=== Try it ===
Include the line with "Two Lares were" and every line before it in the entries below, echoed exactly, but not the pictures.

=== Dataset extract ===

******

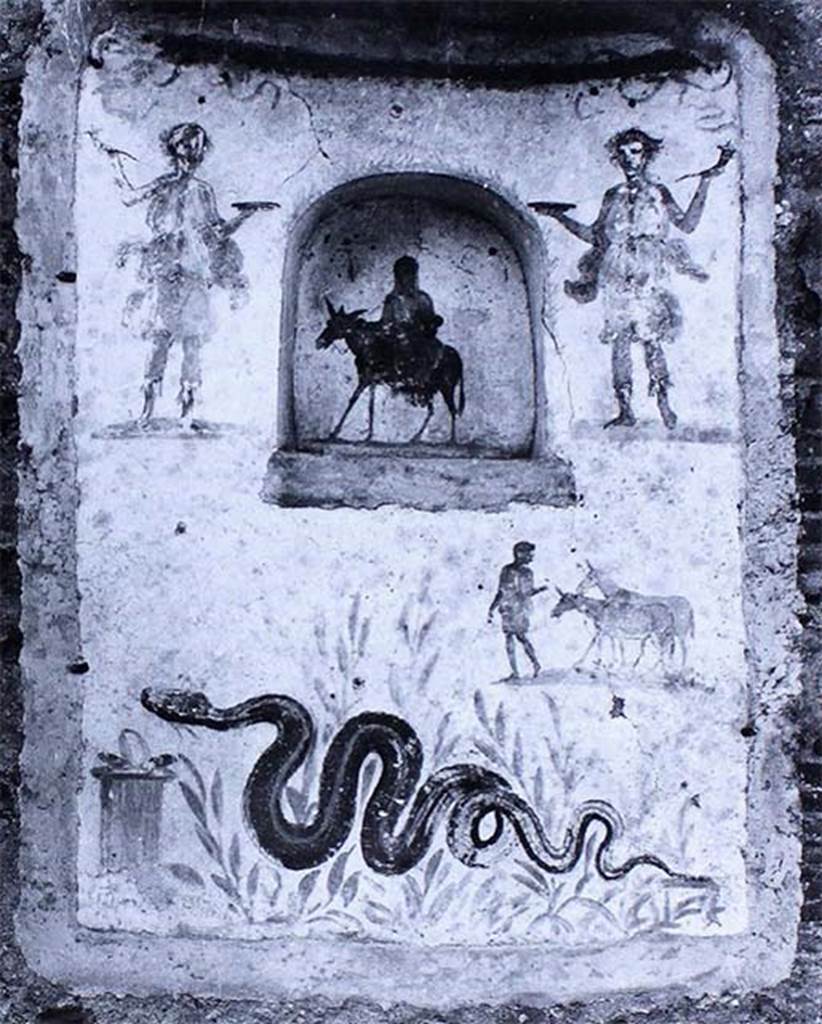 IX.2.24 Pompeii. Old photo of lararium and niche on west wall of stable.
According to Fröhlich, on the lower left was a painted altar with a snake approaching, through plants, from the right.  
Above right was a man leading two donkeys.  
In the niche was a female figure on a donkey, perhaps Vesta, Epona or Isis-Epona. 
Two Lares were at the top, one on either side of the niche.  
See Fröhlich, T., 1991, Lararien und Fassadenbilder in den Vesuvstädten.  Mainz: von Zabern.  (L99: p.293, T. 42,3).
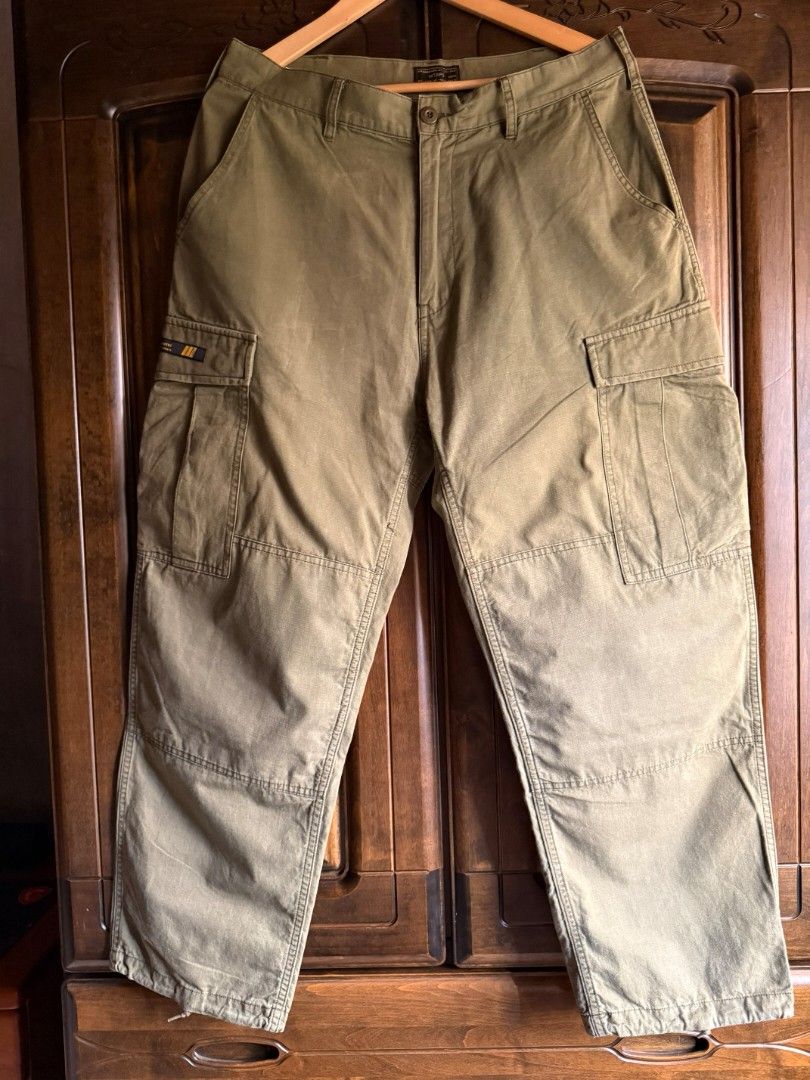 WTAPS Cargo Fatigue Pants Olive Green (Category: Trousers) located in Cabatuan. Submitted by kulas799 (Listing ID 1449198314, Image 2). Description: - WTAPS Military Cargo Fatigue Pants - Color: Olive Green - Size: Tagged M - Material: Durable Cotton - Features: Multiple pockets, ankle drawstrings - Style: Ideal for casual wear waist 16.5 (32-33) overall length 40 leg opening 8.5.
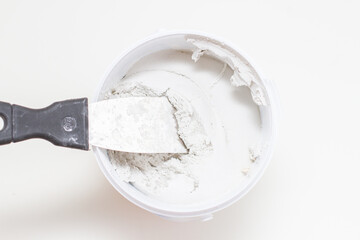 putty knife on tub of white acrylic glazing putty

******

=== Answer space ===
 IX.2.24 Pompeii. Old photo of lararium and niche on west wall of stable.
According to Fröhlich, on the lower left was a painted altar with a snake approaching, through plants, from the right.  
Above right was a man leading two donkeys.  
In the niche was a female figure on a donkey, perhaps Vesta, Epona or Isis-Epona. 
Two Lares were at the top, one on either side of the niche.  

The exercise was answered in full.